VOL. 129 | NO. 85 | Thursday, May 01, 2014
Early Voting Enters Final Day
By Bill Dries
The last day of early voting Thursday, May 1, in advance of the May 6 Shelby County primaries finds Democratic partisans questioning each other and faulting election procedures. Meanwhile, Republican partisans have been relatively quiet.
Early voting in advance of the May 6 election day for Shelby County primaries ends Thursday at 21 locations across Shelby County.
(Daily News File/Lance Murphey)
The contrast reflects the early voter turnout so far in the Republican and Democratic primaries.
Through Tuesday, April 29, 69.3 percent of early voters cast their ballots in the Democratic primary, with the remaining 30.7 percent voting in the Republican primary. The May ballot doesn’t include any general election contests.

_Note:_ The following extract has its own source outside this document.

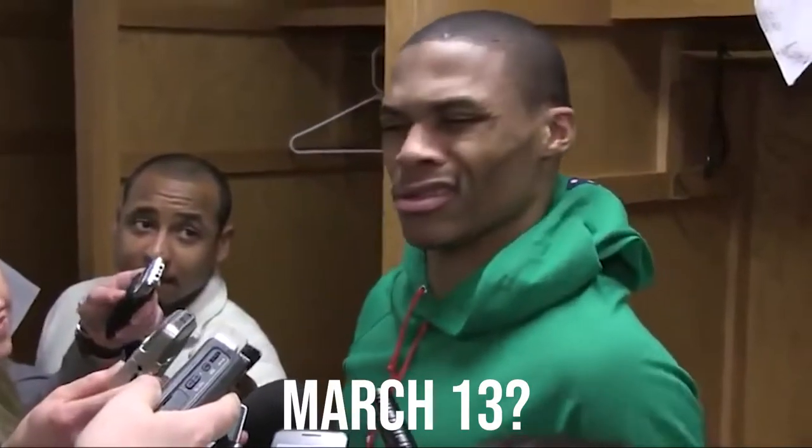Hi guys, welcome to Monday, March 13th. We have quite a big day planned for you.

During early voting for the same election cycle four years ago, 59 percent of early voters cast ballots in the Democratic primary and 41 percent in the Republican primary.
The difference reflects the outcome of the 2010 elections, during which Republicans swept every countywide race in the general election. Many of those incumbents aren’t facing opposition in their primaries this year.

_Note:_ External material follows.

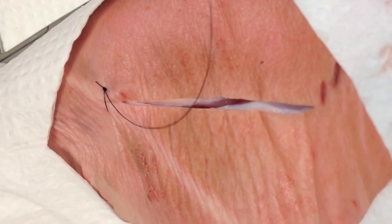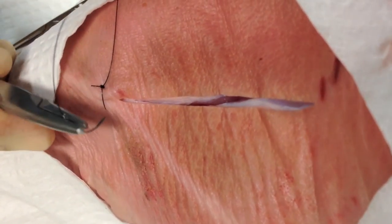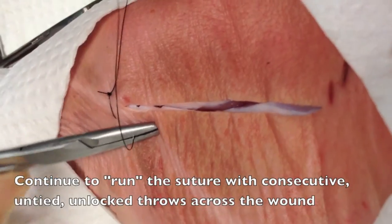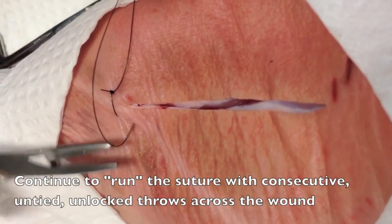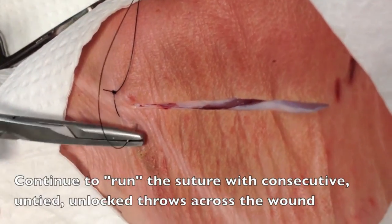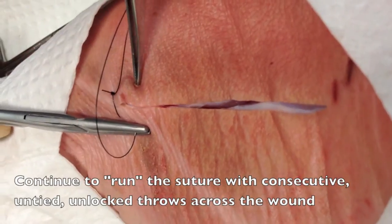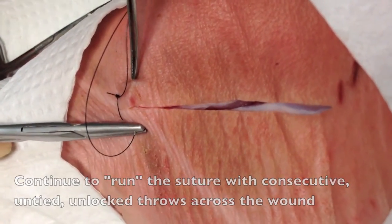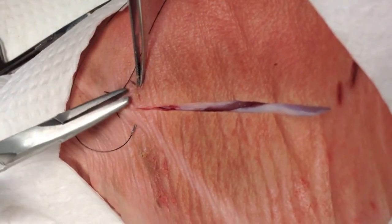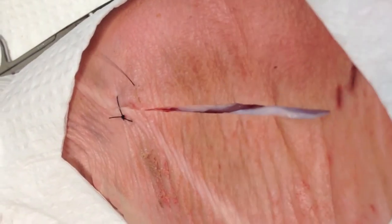You're going to enter at the opposite side of the tissue, crossing the wound at a 65-degree angle, and go across the wound in a circular motion perpendicular to the wound, exiting on the opposite side about 3-5mm from the wound edge. You'll repeat this process over and over again until you close the wound.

Republicans have three hard-fought primaries for seats on the newly restructured Shelby County Commission and a one-on-one primary contest to choose their nominee for Shelby County assessor.
Through Tuesday, 13,079 people – 2.5 percent of the county’s 533,720 registered voters – had voted early.
In 2010, early voting turnout was more than twice that: 31,029 residents, 5.2 percent of the county’s nearly 600,000 registered voters at the time.
Meanwhile, after a debate earlier in the primary campaign season about party loyalty among Democrats, party leaders are now debating the arrival of several different “Democratic” ballots with endorsements being handed to voters at the early voting sites.
The ballots are an institution in Memphis politics.
But local Democratic Party Chairman Bryan Carson is complaining that some of them are “rogue ballots.”
“These unofficial ballots are not a reliable, valid or sanctioned voting guide,” Carson said. “Voters should avoid using these rogue ballots as a basis for making voting decisions.”
“These unofficial ballots are not a reliable, valid or sanctioned voting guide.”
Chairman, Shelby County Democratic Party
Both local parties have struggled with ballots made to look like official party endorsements in primaries, when neither party takes a formal stand in contested primary races.
But Carson went further, taking on those who put out the sample ballots and charge candidates to be listed.
Carson’s statement called them a “profit-making venture.”
“These individuals are not necessarily concerned with who the best candidates are,” the statement continues, “but which candidates can afford to pay to be on their ballots.”
The city’s political tradition is rich with such ballots, with their organizers defending the practice of charging candidates as necessary to print the ballots and pay campaign workers to distribute them outside voting locations.
The use of paid campaign workers instead of volunteers is another perennial point of debate among local partisans.
Some Democrats faulted nine days of early voting only at the Shelby County Election Commission’s Downtown office for the low turnout, with some more specifically blaming the majority-Republican Election Commission for the longer period of single-site voting than four years ago.
But early voting turnout in the Democratic primary was at 75 percent before the expansion to the satellite voting sites, when the percentage of those voting in the Republican primary began to rise.
Election administrator Rich Holden said when he was a Republican election commissioner and Democrats were the majority on the body, Democrats were adamant about keeping the site at the 157 Poplar Ave. location, even though the Election Commission offices moved a block away and then its headquarters moved to Shelby Farms Park.
The commission will discuss a more central location for the next early voting period in advance of the August elections. Tennessee law no longer requires Election Commission offices be the central early voting site.
Memphis-branch NAACP leaders encouraged a higher voter turnout, and Executive Director Madeleine Taylor also complained Tuesday about the single polling location for most of the early voting period, as well as maps for the new single-member Shelby County Commission districts on the Election Commission website that include no street detail to tell boundaries.
“These may represent small, inconsequential changes. However, they are important when the consequence is to suppress the vote and discourage people from voting,” she said. “First, there was photo voter identification, then unannounced precinct changes, voter machine errors and a lack of diverse representation in the polling places.”